# 🤖 Atelier 3 – Part 2: Fine-tuning Arabic GPT-2 (aragpt2-base)

**Université Abdelmalek Essaadi – Master MBD**

In this notebook, we fine-tune a **pretrained Arabic GPT-2 model** (`aubmindlab/aragpt2-base`) and generate text from a custom Arabic dataset.


In [None]:

!pip install transformers


In [None]:

import torch
from transformers import GPT2Tokenizer, GPT2LMHeadModel, get_scheduler
from torch.optim import AdamW

device = torch.device("cuda" if torch.cuda.is_available() else "cpu")

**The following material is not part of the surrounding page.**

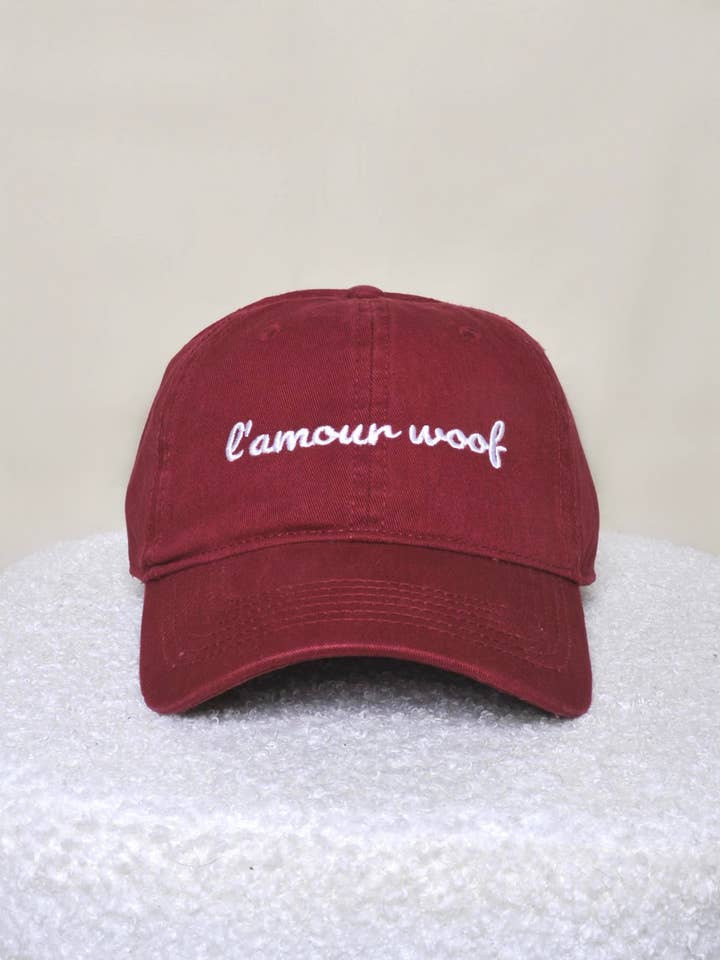 Casquettes personnalisables - Rouge pour la vente par Les Wafou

tokenizer = GPT2Tokenizer.from_pretrained("aubmindlab/aragpt2-base")
tokenizer.pad_token = tokenizer.eos_token

model = GPT2LMHeadModel.from_pretrained("aubmindlab/aragpt2-base")
model.resize_token_embeddings(len(tokenizer))
model = model.to(device)


## 📄 Step 1: Prepare Custom Arabic Dataset

In [None]:

from torch.utils.data import Dataset, DataLoader

# Save a small Arabic dataset
with open("arabic_data.txt", "w", encoding="utf-8") as f:
    f.write("الملك يترأس اجتماعًا وزاريًا مهمًا
")
    f.write("اجتماع بين وزراء الخارجية في المغرب
")
    f.write("المملكة تطور شراكات استراتيجية جديدة
")
    f.write("وزير الصحة يعلن عن حملة وطنية للتلقيح
")
    f.write("البرلمان يصادق على قانون المالية الجديد
")

class ArabicDataset(Dataset):
    def __init__(self, path='arabic_data.txt'):
        with open(path, 'r', encoding='utf-8') as f:
            lines = f.readlines()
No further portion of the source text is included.